Data shown >>
┏━━

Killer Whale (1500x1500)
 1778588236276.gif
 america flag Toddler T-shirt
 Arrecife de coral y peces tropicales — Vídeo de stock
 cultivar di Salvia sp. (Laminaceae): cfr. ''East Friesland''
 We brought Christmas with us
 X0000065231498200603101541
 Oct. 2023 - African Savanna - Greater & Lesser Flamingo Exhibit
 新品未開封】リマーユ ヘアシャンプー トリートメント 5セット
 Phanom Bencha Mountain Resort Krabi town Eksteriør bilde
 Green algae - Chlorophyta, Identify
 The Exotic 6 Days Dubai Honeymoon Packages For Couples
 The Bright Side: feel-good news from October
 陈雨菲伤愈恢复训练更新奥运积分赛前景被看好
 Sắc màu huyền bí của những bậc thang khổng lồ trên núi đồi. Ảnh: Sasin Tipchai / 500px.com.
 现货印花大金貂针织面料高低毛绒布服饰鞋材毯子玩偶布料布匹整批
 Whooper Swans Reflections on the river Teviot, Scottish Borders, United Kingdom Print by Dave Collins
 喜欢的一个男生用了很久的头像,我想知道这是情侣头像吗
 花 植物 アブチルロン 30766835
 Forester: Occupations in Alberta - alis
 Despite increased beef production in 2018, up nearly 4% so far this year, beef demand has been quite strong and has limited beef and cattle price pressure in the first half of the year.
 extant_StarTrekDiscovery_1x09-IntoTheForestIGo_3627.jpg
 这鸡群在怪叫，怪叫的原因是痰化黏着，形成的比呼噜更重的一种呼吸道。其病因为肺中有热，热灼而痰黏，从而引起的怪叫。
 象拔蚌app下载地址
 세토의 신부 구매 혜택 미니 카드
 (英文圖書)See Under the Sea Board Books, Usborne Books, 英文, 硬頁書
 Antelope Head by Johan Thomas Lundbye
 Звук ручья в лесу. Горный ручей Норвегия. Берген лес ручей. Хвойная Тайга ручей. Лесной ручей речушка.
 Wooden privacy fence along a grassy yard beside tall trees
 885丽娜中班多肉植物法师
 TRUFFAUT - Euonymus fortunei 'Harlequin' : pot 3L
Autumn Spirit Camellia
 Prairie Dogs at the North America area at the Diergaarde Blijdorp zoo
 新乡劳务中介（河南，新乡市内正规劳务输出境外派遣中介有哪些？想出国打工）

┗━━

Goal of the exercise >> Restate the listing word for word, but only from its first line through the line with "新品未開封】リマーユ ヘアシャンプー トリートメント 5セット", keeping both end lines.

Answer for this exercise >>
Killer Whale (1500x1500)
 1778588236276.gif
 america flag Toddler T-shirt
 Arrecife de coral y peces tropicales — Vídeo de stock
 cultivar di Salvia sp. (Laminaceae): cfr. ''East Friesland''
 We brought Christmas with us
 X0000065231498200603101541
 Oct. 2023 - African Savanna - Greater & Lesser Flamingo Exhibit
 新品未開封】リマーユ ヘアシャンプー トリートメント 5セット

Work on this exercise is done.